Promising results aside, this present study also had a number of limitations that should be considered. First, there was potential for bias in our evaluation metrics, since we used the same dataset that the TotalSegmentator was trained on in our pipeline assessment, due to the data’s conformity with the input requirements of the TotalSegmentator. We suspect that this may have inflated the performance results. Additionally, our pipeline was limited to testing the TotalSegmentator alone, and future work would benefit from evaluating against other segmentation tools, to prove its model-agnostic nature.
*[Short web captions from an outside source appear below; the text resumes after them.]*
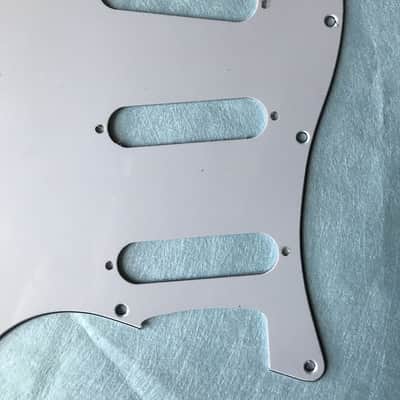 New 3 Ply White 11 Hole Modern-Style Strat s/s/s Fits Fender Guitar Pickguard image 4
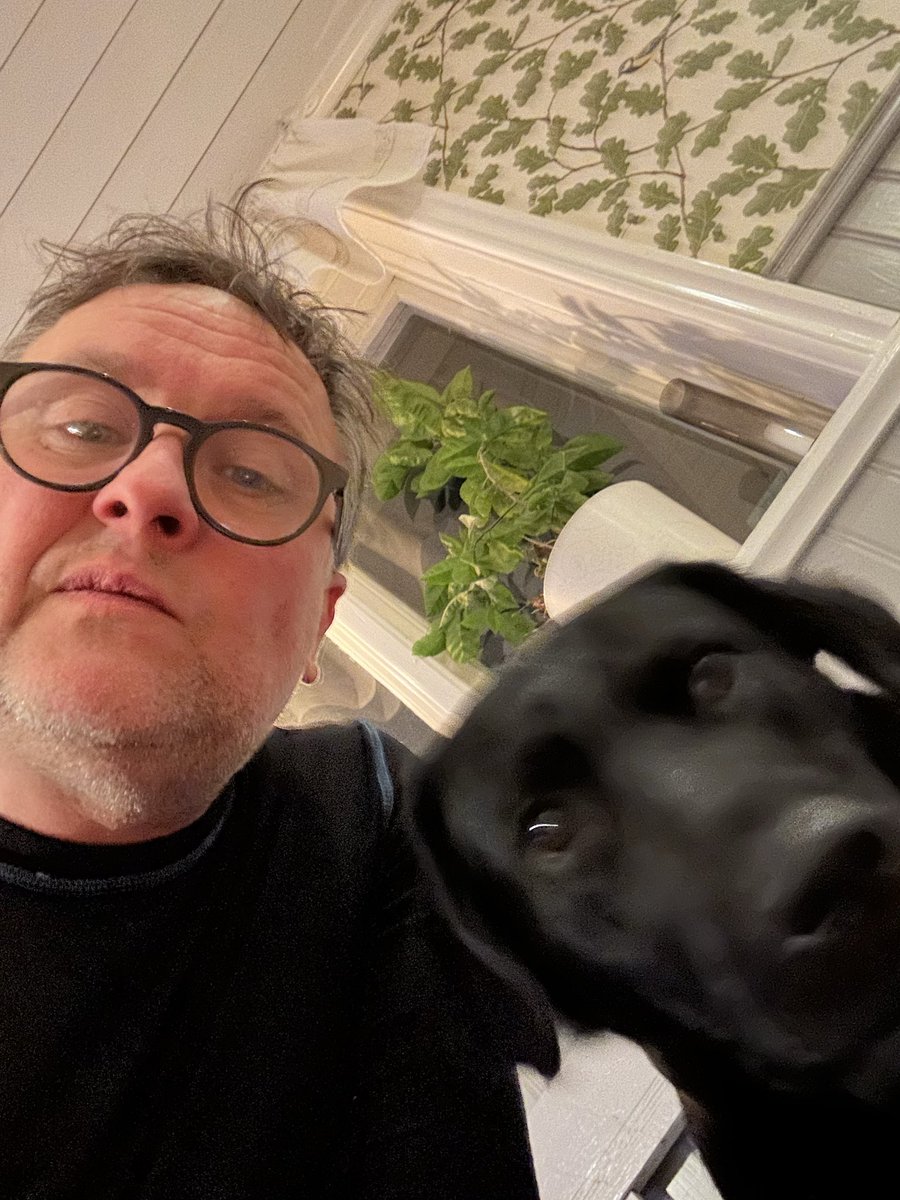 Tar farväl av Lillplösen. Om 20 min kommer matte hem. Hon har tränat. Har lågt blodsocker. 

Lillplösen har slaktat hennes tomatplantor. Det kommer krävas offer.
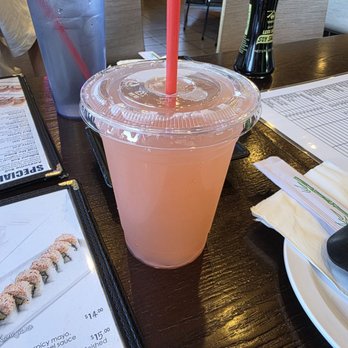 Awesome Sushi - Mango lemonade - Japanese Near Me - Long Beach, California
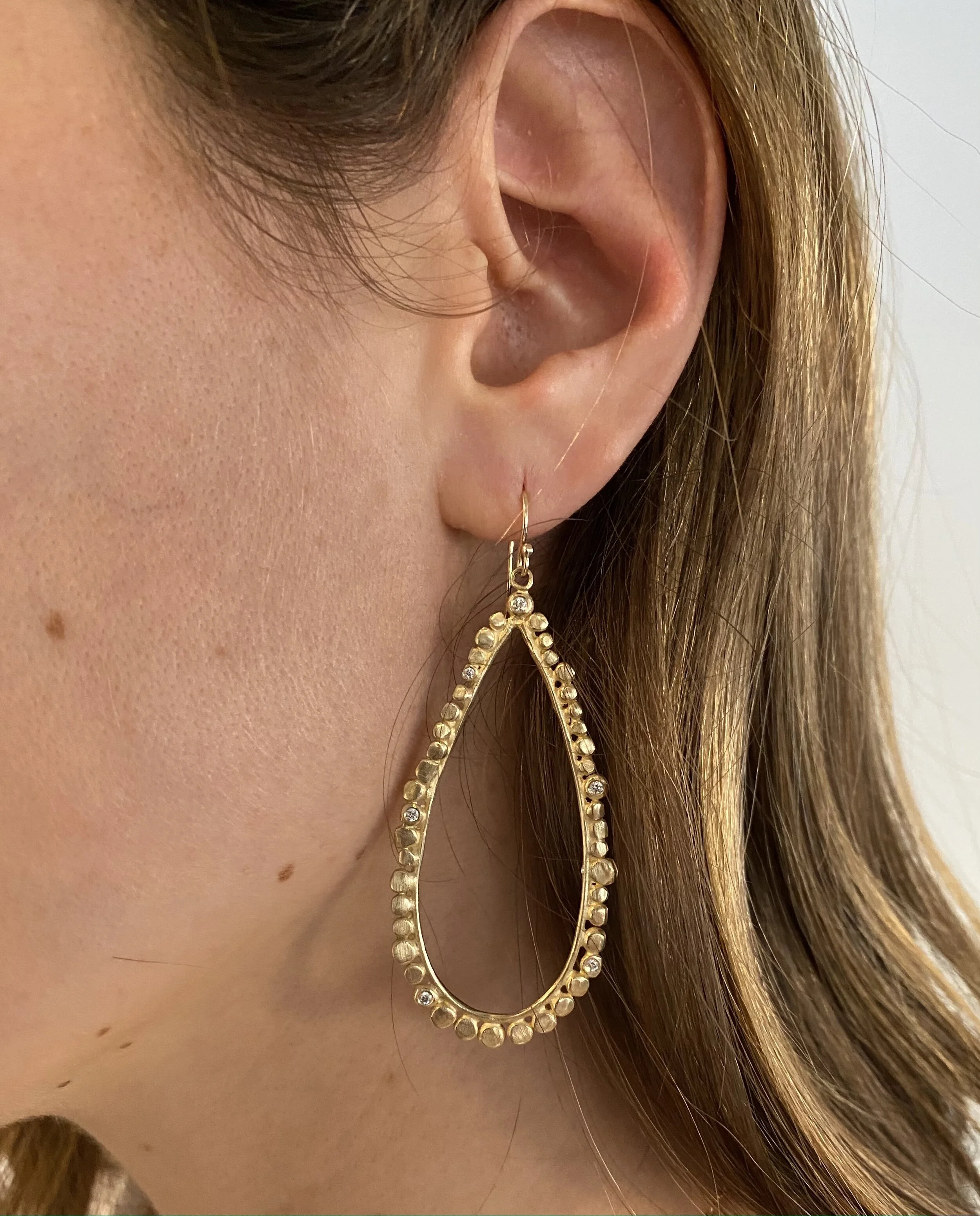 raindrop teardrop gold ear.JPG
The relatively small sample size of 101 CT scans, while sufficient for the initial validation, was primarily constrained by the hardware capabilities. A larger dataset that is unknown by the segmentation model in question would enable more robust statistical analysis and better representation of anatomical variations across different patient populations. These limitations suggest opportunities for future research with expanded datasets and diverse validation approaches.